En 1992 se firmó el segundo gran pacto autonómico, entre Felipe González y José María Aznar. El acuerdo incluía la transferencia de 32 nuevas competencias, incluida la de Educación, en un intento de igualar a las comunidades de «vía lenta» con las «históricas». Años antes no fueron pocos los que advirtieron de las consecuencias que tendría ceder las competencias en materia educativa a las comunidades autónomas pues se corría el riesgo de convertirlas en instrumentos adoctrinadores que acentuarían los «particularismos» que ya había señalado Ortega y Gasset. La respuesta de los ministros de Educación de la época fue: no habrá problema pues para eso estaban los servicios de inspección del Ministerio de Educación.

La convicción ministerial se demostró a la postre de una candidez mayúscula y ahora no sabemos si tomarnos a chanza la petición del Gobierno a la inspección del Ministerio para que analice si el contenido de los manuales de texto utilizados en Cataluña atentan contra la convivencia entre españoles o inspiran el odio.

Hay un dato en el que pocos analistas reparan. Pocos pero algunos sí. El periodista y escritor Josele Sánchez que estrena nuevo libro (Balada triste por España, Letrame Grupo editorial) advierte de que en los diez años que van entre 1982 y 1992, en Cataluña se pasó de aplaudir el himno nacional en los partidos de la selección española de fútbol a la primera gran pitada con ocasión de los Juegos Olímpicos. Los Reyes de España se escaparon del abucheo en el estadio de Montjuic porque la organización hizo coincidir su entrada en el palco con el himno «Els segadors». Bastaron diez años de educación en un imaginario que ensalzaba lo propio y caminaba a la inoculación del odio al resto de España y todo financiado con el dinero de todos, comisiones aparte.

La Educación sigue siendo en España arena para la lucha partidista en la que las reformas sólo se mantienen en el tiempo cuando algún Gobierno alcanza la mayoría suficiente para otorgarle rango de ley orgánica y blindar su permanencia con la mayoría cualificada que exige su cambio o derogación. Sin embargo, desde que nace cada nueva reforma viene con la orla de descontentos que anuncian su inmediata derogación. También viene con la orla de los habituales informes de calidad internacionales que nos sacan los colores, el último el informe PISA 2015 de la OCDE sobre competencias financieras que señala que un 25% de los estudiantes españoles ni siquiera alcanza el nivel básico de conocimientos en esta área. No importa. Lo máximo que aceptamos como materia intocable son las pensiones. Ni siquiera ya la política antiterrorista.

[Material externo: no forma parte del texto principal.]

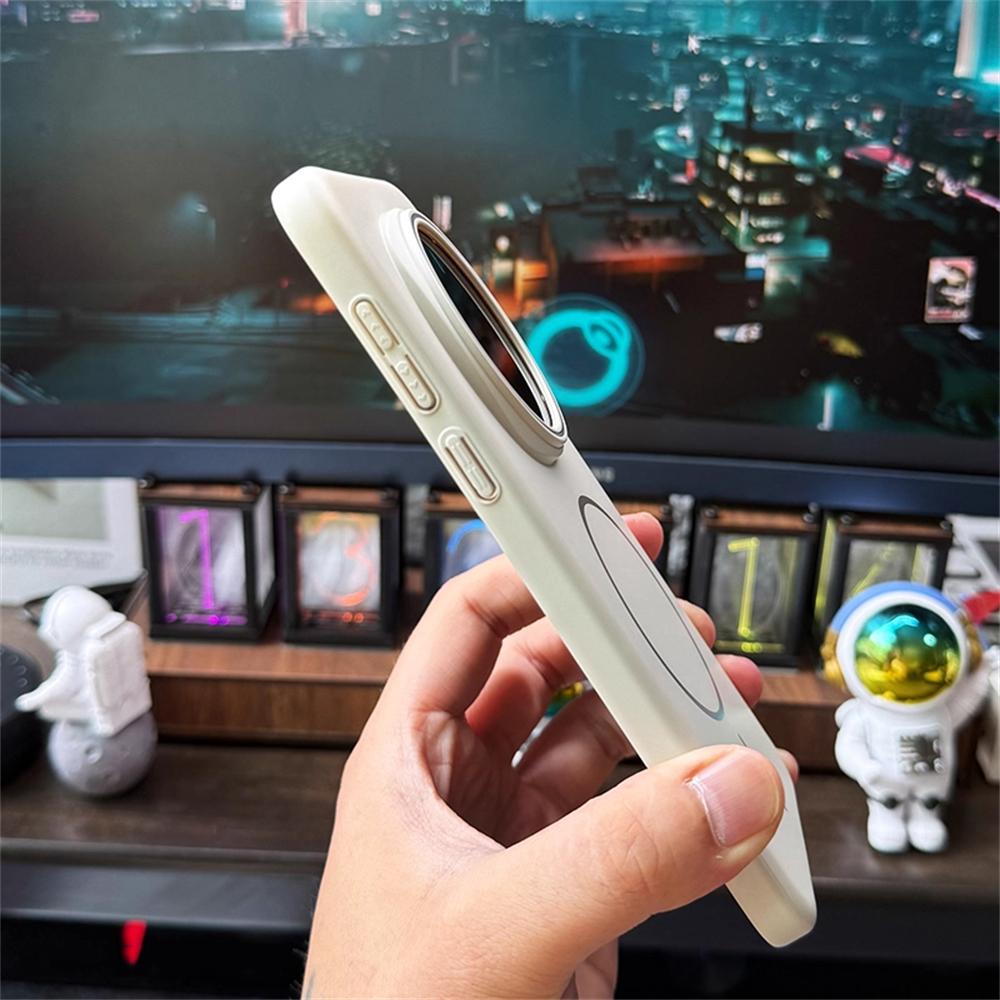 Ultra Thin Simple Solid Color Matte Hard PC Case for Honor Magic 7 6 5 Pro Lite X6C X8C X9B Magnetic Wireless Charge Slim Cover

Sólo hay una cosa peor que no haber evitado que la Educación se utilice como parte del programa secesionista, que el Gobierno de España decida no hacer nada una vez que la inspección constate lo evidente.

Sin embargo, no es solución quedarse en el lamento quevedesco de contemplar los muros de la patria, si en un tiempo fuertes, ya desmoronados. Es interesante, por ejemplo, releer las propuestas de reforma constitucional contenidas en iniciativas sólidas como la que contiene la obra «Recuperar España. Una propuesta desde la Constitución» (Universidad San Pablo, 2013). En definitiva, habrá que poner tantos medios y recursos en evitar que se eduque en el odio como se pone en evitar el «bulling».